Blog Aggregation Pages — best practices?

The challenge is to tie together 100+ blogs authored by Olympic athletes, coaches, friends and family into a single page.

Purpose of the page is:

  • Highlight the “post of the day” as determined by a blogger-in-chief
  • Permit the reader to scan the latest posts from the bloggers
  • Permit the reader to manage subscriptions to the RSS of those blogs to their preferred aggregator (Google Reader, Bloglines, etc.)
  • Publish Tweets
  • Publish latest shared media
  • Flickr/Picasa Photos
  • YouTube Videos
  • del.icio.us tags

Esteban Panzeri is on the job, and I suggested Alltop as one example of an interface example, but no one (Bhargava and Bell) seemed overly excited. And having visited Alltop a total of two times, I was stupid to reference something I don’t even use.

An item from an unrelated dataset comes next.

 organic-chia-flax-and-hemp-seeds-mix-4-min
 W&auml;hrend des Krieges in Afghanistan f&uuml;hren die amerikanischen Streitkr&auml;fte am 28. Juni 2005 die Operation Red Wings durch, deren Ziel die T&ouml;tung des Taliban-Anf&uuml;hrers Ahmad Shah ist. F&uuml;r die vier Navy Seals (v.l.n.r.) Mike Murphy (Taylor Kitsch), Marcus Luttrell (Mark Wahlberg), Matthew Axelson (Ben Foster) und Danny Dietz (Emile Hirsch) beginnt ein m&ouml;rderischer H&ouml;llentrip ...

The ideal would be a shared Google Reader interface — all the functionality but constrained to a managed blogroll/OPML file. Public Google Reader. Possible? Second question is how to incorporate reader inputs. Third question: is it still too early to present a consumer web user with a call to action to click on an orange RSS button to subscribe to a feed? Are most consumers accustomed to a direct blog visit? I must dust off aggregator and feed reader adoption statistics.


Know of any good examples of blog network homepages? Should we be looking at HuffPo? CapeCodToday? Mark Cahill and I tried to tackle this with a community of saltwater fly fishing bloggers in 2003-2004, but it was too early to get much traction.

Author: David Churbuck

Cape Codder with an itch to write

0 thoughts on “Blog Aggregation Pages — best practices?”

  1. I blogged on the topic…here’s a summary.

    1. I don’t like the shrink wrap solutions – all blogs have RSS and it’s too easy to slice and dice RSS content – consider roll your own.
    2. Tagging and categorization strategy is key.
    3. Aggregation is simple content management – think of it that way and you can really make things happen.

    RSS is XML and XML is content separated from style – it’s your job to reapply the style, so do it well.

    http://www.allthingscahill.com/2008/04/blog-aggregation

  2. You might want to check out The Participatory Fnd.’s Miro media player, specifically their Video Bomb feature. It allows your community to aggregate, tag and share video feeds embedded into your homepage. Essentially RSS feeds for video, which your core users, say tops fans for each athlete would prob. love to be given the power to highlight their inspiration athletes.